The ability to read well is an essential component of a student’s academic success, and an essential tool for success in life. In preparing our children for successful reading encounters, we need to ensure that they have the tools to make sense of the text seen in daily reading. We need to provide them with skills and strategies that can be used across reading situations. As discussed in Chapter 2, not all students will grasp those tools the first time they are presented during core reading instruction. There has been and currently is a widespread interest and a seemingly legitimate need in our United States educational system to focus on students who are at risk for academic failure, particularly in the area of reading. In the past, those at-risk students have often been from low socioeconomic areas, with very low motivation to learn, socially promoted, transient, or speakers of second languages. However, due in part to political action that has dramatically changed how educators are supporting the vision of being committed to ensuring that every child in the United States can read, expectations require schools to pay close attention to those students at risk for academic failure, particularly in reading. A strict political action that had quickly surfaced at the close of the 20th century, designed ultimately to decrease the number of students who may end up at the center of a significant number of societal problems as a result of inadequate education, remained strong throughout the first decade of the 21st century.

Intervention in education can be defined as working with a student or students in order to help them succeed in the academic realm. Sparks (2016) defines intervention as an identification of problems in learning and the use of focused lessons and intervention to improve learning. The goal of intervention is to catch a student before he or she begins to struggle too much, and give guided support to get back on track and performing at grade level.

Because the goal in our classrooms is to make sure students are not falling behind, interventions serve an important role in the classroom, through constant data collection and decision-making. Johnson & Rowe (2016) argue that “teachers [are] using ongoing curriculum based assessments [which] are actually good at determining whether a child’s literacy is more or less developed.” In other words, assessments serve as data-collection tools for the classroom teachers and specialists to use as evidence when determining if a student is in need of intervention. Based on this classroom data, teachers can make decisions to better meet the needs of the students. This does not mean teachers should be constantly assessing their students at the expense of instructional time, but rather should use assessments to drive instructional time.
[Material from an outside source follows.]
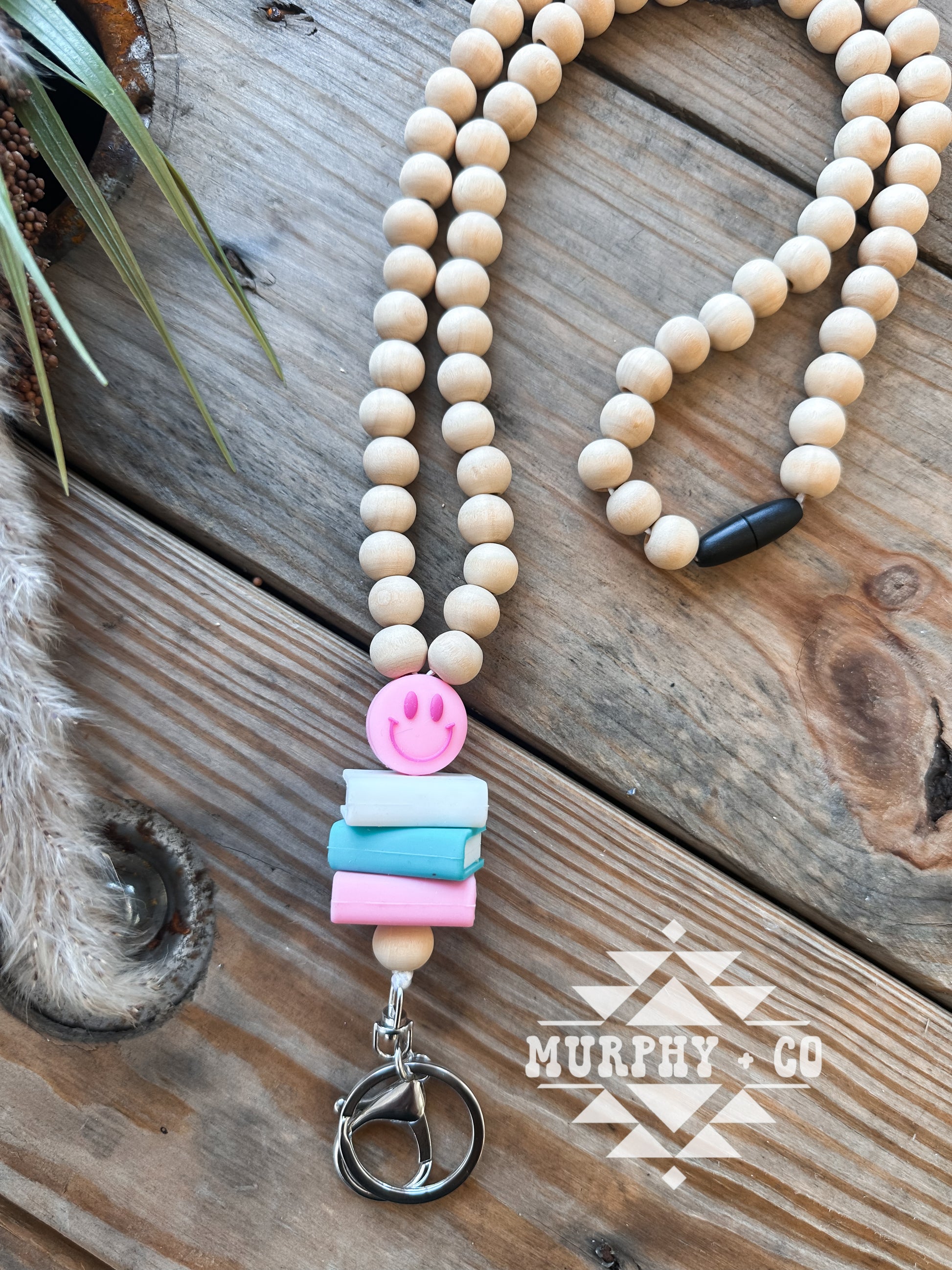 WOODEN BEADED SMILEY BOOKSTACK LANYARD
An example of this is using Marie Clay’s Observation Survey when further evidence is needed to support a case that a student should be recommended for intervention (Johnson & Rowe, 2016). Once data has been collected and analyzed, the classroom teacher and interventionist should collaborate and decide what type of intervention would be most beneficial for that particular student.

Providing the appropriate interventions for students in America still continues to be an ongoing challenge. The American people want to strengthen our education by providing a better program that more effectively serves students in need of intervention. It is important to strengthen intervention in the classroom, because without intervention there will be students who fall behind and lose hope in their education. There will be people who lose sight of why education is valued.
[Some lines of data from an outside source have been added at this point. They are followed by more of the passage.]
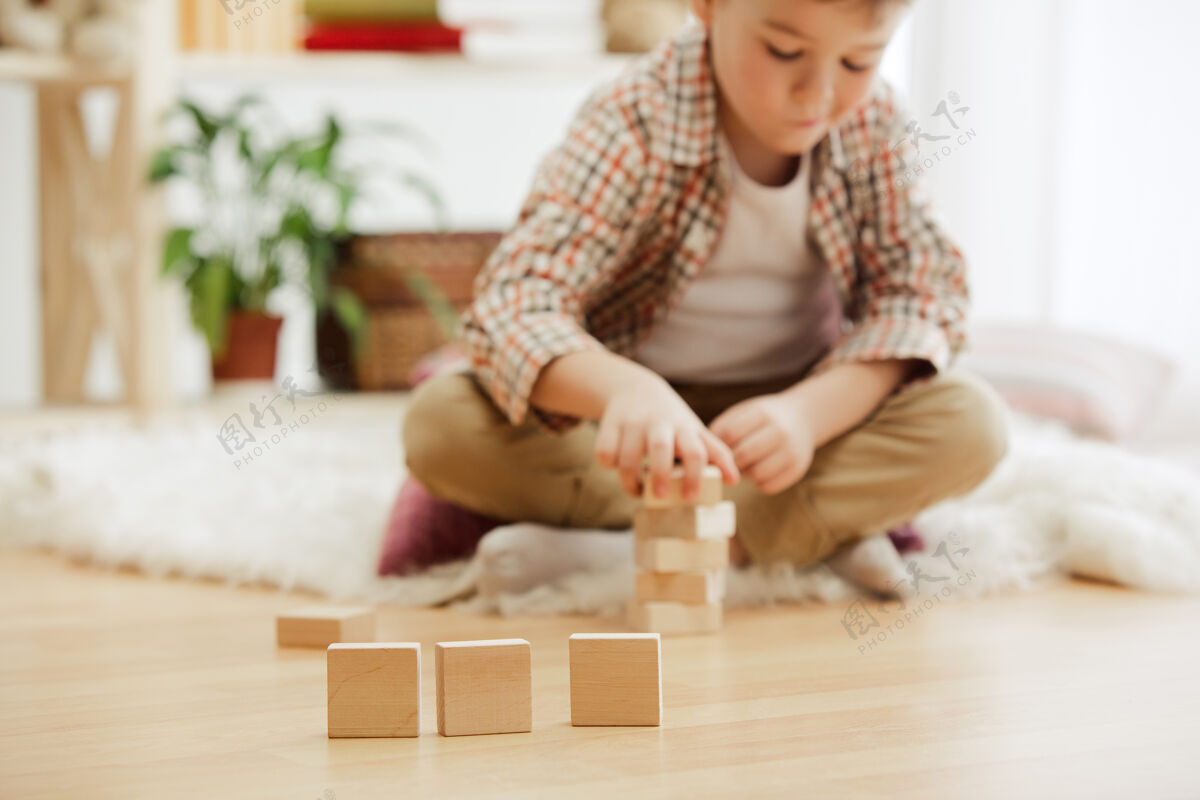 可爱坐在地板上的小孩漂亮的男孩在家里玩木制立方体概念图像与复制或负空间和模拟你的文字砖块男孩人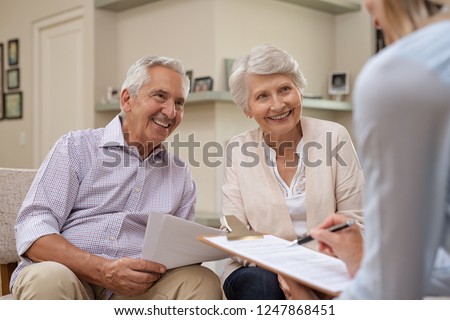 Senior couple meeting real estate agent at home. Old husband and wife with financial advisor for investment opportunities. Happy elderly man and woman listening to various investment plans.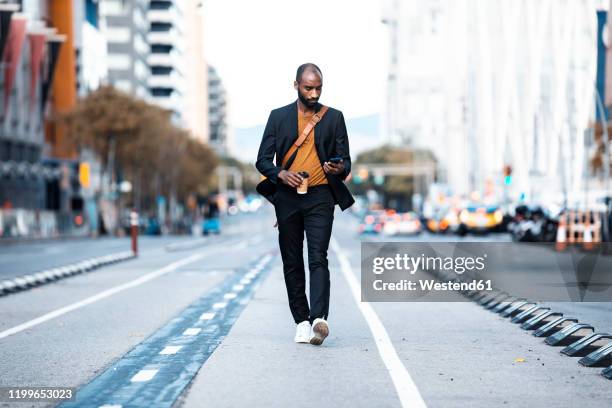 young businessman with coffee to go looking at cell phone while walking on the street - black coat stock pictures, royalty-free photos & images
Our definition in America for reading intervention is clear, but we are still progressing toward effectively providing interventions in and out of the classroom. One step in the right direction has been to reconsider how interventions have previously been done, and how some models have failed. Those failures, though, have provided educators with light on what needs to be adapted. In a way, our education system needed its own intervention, leading to a new wave in literacy in the near future.